Classifying the Chimera

Federico Meschini

fmeschini@tin.it

Tuscia University


While the Digital Library (DL) concept is an extremely vague one, its paradigm, the real implementation, is, if possible, still more elusive.

Since the late 80s and during the 90s, the primary concern and task in the textual digital resources field was really a basic (but not simple) one: how can we put texts in computers? How can we encode, manage and memorize them? Which stuff digital texts are made of?

Other important problems were perceived (visualization, for example) but they were temporarily put aside for practical reasons. The Text/Data relationship is really a Castor and Polydeuces’ one: is Text a particular kind of Data or Data a particular kind of Text? The main choice, and long-term winning, in the textual encoding issue was the use of the powerful Standard Generalized MarkUp Language (SGML), and – more specifically – the rules (or better guidelines) established by the Text Encoding Initiative (TEI), which could actually be considered the de facto standard for encoding humanistic texts in digital format.

The transition from SGML to the eXstensible MarkUp Language (XML) was, more than an evolution, a sort of Copernican revolution for two main aspects: the introduction of the new stylesheet technology for displaying an XML file, in particular the powerful Extensible Stylesheet Language Transformation (XSLT), and the great diffusion and development of open-source software able to manage XML documents. This transition has of course also taken place in the TEI: starting with the P4 version of the Guidelines, XML is the technology now used. As a logic result different open-source software tools for implementing a Digital Library with texts encoded in TEI/XML are now available.

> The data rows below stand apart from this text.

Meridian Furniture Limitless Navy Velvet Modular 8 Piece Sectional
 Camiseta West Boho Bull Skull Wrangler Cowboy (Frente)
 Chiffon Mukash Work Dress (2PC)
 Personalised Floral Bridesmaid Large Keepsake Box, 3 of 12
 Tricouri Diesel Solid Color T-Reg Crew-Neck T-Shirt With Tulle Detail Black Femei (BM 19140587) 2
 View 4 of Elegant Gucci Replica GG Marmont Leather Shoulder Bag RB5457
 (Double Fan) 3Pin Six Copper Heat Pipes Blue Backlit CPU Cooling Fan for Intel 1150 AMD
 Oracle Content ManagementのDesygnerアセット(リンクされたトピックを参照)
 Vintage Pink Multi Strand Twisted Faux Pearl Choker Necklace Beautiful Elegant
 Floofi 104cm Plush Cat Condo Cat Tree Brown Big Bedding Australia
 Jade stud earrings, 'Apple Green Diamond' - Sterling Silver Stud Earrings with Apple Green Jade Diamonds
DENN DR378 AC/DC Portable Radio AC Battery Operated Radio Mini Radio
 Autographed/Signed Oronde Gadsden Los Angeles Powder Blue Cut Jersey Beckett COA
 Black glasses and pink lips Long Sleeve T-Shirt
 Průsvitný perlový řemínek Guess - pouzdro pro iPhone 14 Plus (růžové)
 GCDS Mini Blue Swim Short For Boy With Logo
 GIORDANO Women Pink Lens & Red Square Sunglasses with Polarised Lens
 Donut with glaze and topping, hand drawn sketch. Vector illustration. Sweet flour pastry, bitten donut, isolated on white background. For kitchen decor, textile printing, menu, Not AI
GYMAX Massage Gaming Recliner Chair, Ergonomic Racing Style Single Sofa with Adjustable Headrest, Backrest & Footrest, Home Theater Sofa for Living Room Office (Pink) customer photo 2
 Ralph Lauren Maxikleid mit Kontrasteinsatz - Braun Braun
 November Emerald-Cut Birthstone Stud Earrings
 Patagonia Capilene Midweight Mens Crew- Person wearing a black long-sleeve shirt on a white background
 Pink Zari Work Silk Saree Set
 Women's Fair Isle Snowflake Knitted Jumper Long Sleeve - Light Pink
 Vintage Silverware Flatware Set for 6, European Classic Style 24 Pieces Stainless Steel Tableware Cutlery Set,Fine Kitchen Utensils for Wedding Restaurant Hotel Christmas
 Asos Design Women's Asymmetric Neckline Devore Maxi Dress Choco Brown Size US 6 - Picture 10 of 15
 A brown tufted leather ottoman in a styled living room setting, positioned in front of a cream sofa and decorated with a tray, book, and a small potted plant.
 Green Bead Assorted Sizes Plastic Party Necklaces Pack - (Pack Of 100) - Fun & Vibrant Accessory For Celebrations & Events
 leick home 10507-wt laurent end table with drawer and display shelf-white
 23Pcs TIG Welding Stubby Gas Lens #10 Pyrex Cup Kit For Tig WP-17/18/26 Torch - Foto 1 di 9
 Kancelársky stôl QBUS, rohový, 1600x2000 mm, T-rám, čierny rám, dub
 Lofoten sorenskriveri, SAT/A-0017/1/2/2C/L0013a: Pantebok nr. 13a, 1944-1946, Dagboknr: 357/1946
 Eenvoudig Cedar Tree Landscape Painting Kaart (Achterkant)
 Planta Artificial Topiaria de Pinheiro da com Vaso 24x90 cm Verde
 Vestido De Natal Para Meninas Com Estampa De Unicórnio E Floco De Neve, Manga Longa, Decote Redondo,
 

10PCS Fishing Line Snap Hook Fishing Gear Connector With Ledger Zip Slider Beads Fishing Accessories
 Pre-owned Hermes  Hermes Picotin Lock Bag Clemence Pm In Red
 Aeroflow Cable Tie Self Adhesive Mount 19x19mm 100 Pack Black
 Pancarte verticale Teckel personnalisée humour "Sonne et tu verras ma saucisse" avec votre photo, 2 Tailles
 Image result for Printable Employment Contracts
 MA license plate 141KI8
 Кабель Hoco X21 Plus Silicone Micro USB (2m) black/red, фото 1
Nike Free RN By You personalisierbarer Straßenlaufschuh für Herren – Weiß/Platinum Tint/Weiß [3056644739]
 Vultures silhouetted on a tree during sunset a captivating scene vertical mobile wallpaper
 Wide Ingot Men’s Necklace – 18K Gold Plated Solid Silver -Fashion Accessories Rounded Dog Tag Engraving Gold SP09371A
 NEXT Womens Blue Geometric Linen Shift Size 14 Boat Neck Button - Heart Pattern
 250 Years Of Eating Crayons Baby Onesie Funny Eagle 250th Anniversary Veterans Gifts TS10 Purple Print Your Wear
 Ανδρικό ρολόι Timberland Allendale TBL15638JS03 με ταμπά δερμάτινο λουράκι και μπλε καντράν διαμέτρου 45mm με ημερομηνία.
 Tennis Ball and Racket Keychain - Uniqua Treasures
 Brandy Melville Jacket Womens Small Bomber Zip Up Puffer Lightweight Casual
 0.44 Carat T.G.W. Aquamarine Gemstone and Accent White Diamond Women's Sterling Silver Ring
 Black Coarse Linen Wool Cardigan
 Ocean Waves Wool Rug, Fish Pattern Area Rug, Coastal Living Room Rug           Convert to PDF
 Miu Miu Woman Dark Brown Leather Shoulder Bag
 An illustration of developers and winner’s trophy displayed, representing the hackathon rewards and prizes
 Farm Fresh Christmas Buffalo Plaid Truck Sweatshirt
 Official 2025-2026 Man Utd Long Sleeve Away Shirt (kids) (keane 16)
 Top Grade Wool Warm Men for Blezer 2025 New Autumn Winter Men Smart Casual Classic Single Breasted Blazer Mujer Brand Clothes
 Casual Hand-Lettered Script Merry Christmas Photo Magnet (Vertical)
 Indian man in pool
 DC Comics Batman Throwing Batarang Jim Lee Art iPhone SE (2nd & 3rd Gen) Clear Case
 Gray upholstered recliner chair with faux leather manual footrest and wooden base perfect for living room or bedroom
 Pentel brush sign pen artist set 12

These tools are divided into two main categories. In the first group there are software created in hard Information Technology contexts (Database Management Systems, Native XML Databases, Publishing Framework, etc.), and these programs need to be adapted to the specific aims of a digital library
       [Note 1: E.g., Apache Cocoon, Apache AxKit, eXist]
     . In the second, and this is a new trend, these tools are being developed in academic contexts
       [Note 2: Anastasia, teiPublisher, XPhilologic]
     , created from the scratch, or using programs from the first group as the basic core; in both cases the final function is the utilization with digital cultural resources and overall TEI encoded texts. Compared to the first group, the logical added value of these tools is that often they provide some specific features for the textual field
       [Note 3: See for example the TAPoRware set for textual analysis  or the Versioning Machine for the comparison of different versions and editions of the same text.]
     .

The choice is now much wider than it was just a few years ago, but it could also cause some confusion in selecting the right tool. As the experts of knowledge management well know, too much information, if not well structured and organized, is equivalent to no information at all, thus being completely useless. Each software has its own peculiarities, which should be evaluated and confronted against the characteristics of the texts being encoded and the general needs and aims of the project of which the digital library is part. What is the main aim of a project? It’s the visualization one, with perhaps a multiple output feature? It’s the research, with some form of advanced textual analysis? It is possible to combine all these aspect? And if somebody has already found a solution for our problems how can we find it over the net?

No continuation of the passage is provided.